___ DATA FOR PROCESSING ___

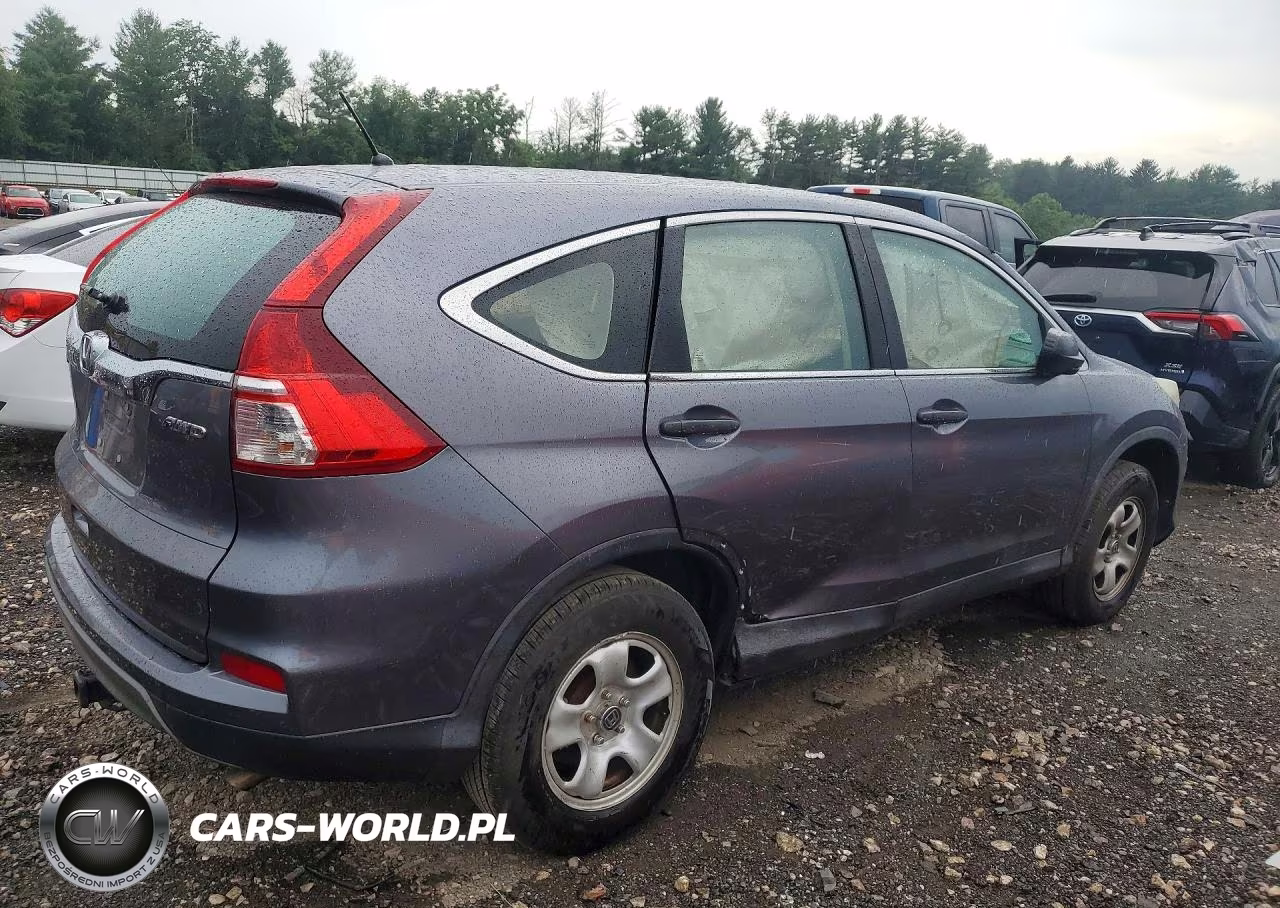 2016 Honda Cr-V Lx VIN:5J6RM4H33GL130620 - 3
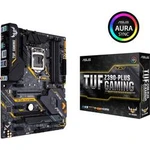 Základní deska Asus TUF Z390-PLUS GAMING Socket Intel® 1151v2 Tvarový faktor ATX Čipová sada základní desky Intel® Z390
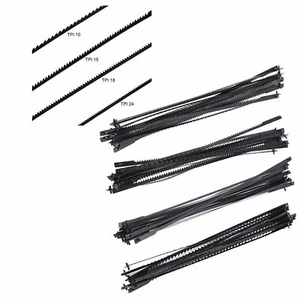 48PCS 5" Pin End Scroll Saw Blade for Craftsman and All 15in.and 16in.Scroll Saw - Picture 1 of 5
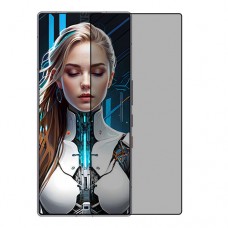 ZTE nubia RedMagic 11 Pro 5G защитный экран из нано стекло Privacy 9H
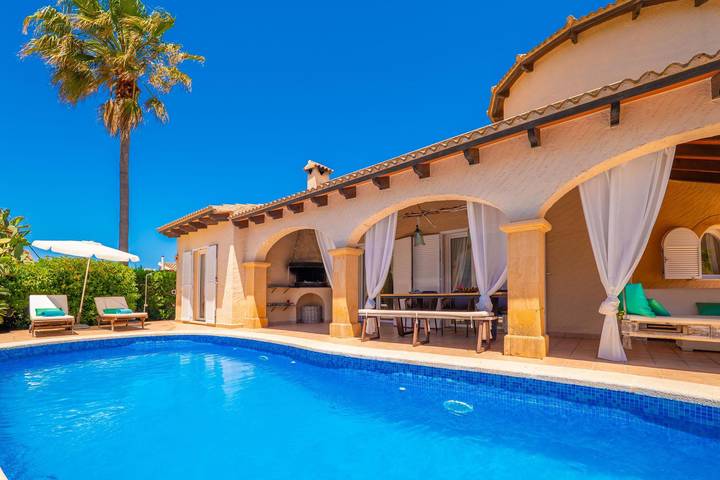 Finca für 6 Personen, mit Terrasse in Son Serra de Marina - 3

___

* [WORK ITEM]: Only an exact copy of the records, free of images, belongs in the answer.

* [THE ANSWER]:
 2016 Honda Cr-V Lx VIN:5J6RM4H33GL130620 - 3
 Základní deska Asus TUF Z390-PLUS GAMING Socket Intel® 1151v2 Tvarový faktor ATX Čipová sada základní desky Intel® Z390
 48PCS 5" Pin End Scroll Saw Blade for Craftsman and All 15in.and 16in.Scroll Saw - Picture 1 of 5
 ZTE nubia RedMagic 11 Pro 5G защитный экран из нано стекло Privacy 9H
 Finca für 6 Personen, mit Terrasse in Son Serra de Marina - 3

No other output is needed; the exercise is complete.